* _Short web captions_
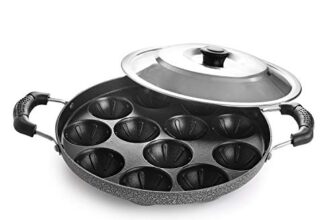 Cello Non-Stick 12 Cavity Appam Patra With Dual Side Handles & Stainless Steel Lid, Black | Multipurpose Appam Maker, Litti Maker, Appe Stand, Grill Pan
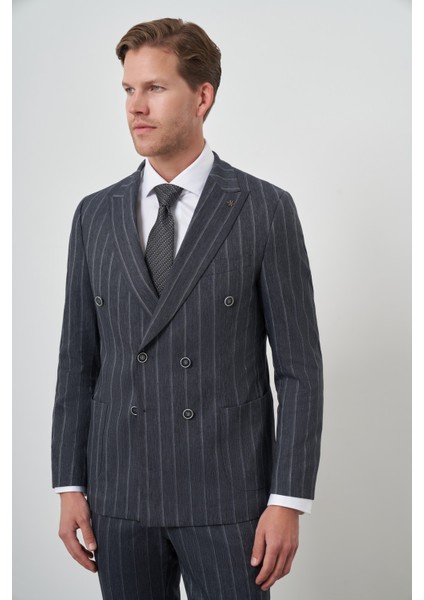 Erkek Lacivert Tend Keten Kruvaze Slim Fit Sivri Yaka Takım Elbise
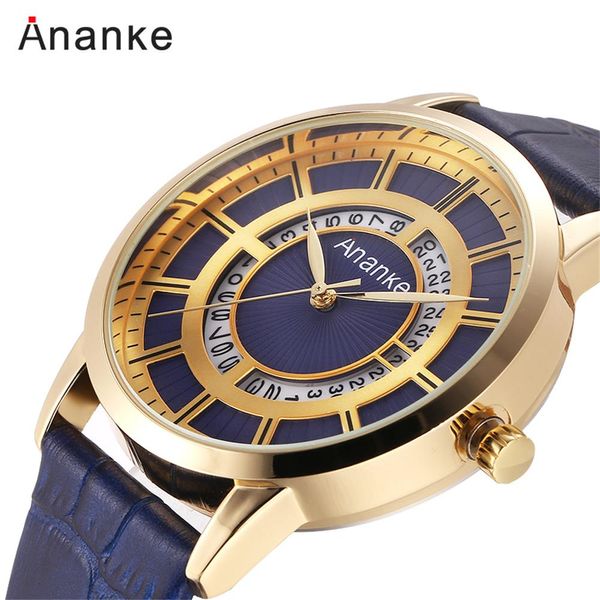 

ananke men's fashion business watch casual waterproof watch # new classic hollow fashion men #c calendar, Slivery;brown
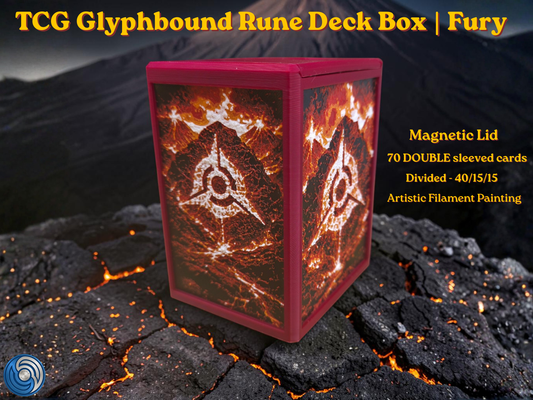 TCG Glyphbound Rune Deck Box Fury edition, UK made 3D printed magnetic lid, artistic filament painting volcanic fire rune design, holds 70 double sleeved cards divided 40/15/15, commander card display window with free premium toploader included, compatible with MTG Commander EDH, One Piece TCG, Disney Lorcana, Flesh and Blood, Yu-Gi-Oh, Pokémon TCG, small TCG deck box, divided deck box, HueForge art deck box, red deck box, fire themed card storage, tabletop gaming accessories, gift for MTG player, UK made c
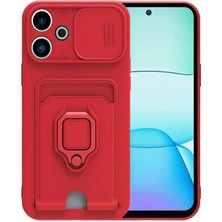 Mey Ithalat®  Xiaomi Redmi 13 4g Kılıf Zuma Kartvizitli Yüzüklü Silikon - Kırmızı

* _WHAT YOU WILL DO_
Output the full set of records above without changing a word, and drop the images.

* _ANSWER FOR THE TASK_
 Cello Non-Stick 12 Cavity Appam Patra With Dual Side Handles & Stainless Steel Lid, Black | Multipurpose Appam Maker, Litti Maker, Appe Stand, Grill Pan
 Erkek Lacivert Tend Keten Kruvaze Slim Fit Sivri Yaka Takım Elbise

ananke men's fashion business watch casual waterproof watch # new classic hollow fashion men #c calendar, Slivery;brown
 TCG Glyphbound Rune Deck Box Fury edition, UK made 3D printed magnetic lid, artistic filament painting volcanic fire rune design, holds 70 double sleeved cards divided 40/15/15, commander card display window with free premium toploader included, compatible with MTG Commander EDH, One Piece TCG, Disney Lorcana, Flesh and Blood, Yu-Gi-Oh, Pokémon TCG, small TCG deck box, divided deck box, HueForge art deck box, red deck box, fire themed card storage, tabletop gaming accessories, gift for MTG player, UK made c
 Mey Ithalat®  Xiaomi Redmi 13 4g Kılıf Zuma Kartvizitli Yüzüklü Silikon - Kırmızı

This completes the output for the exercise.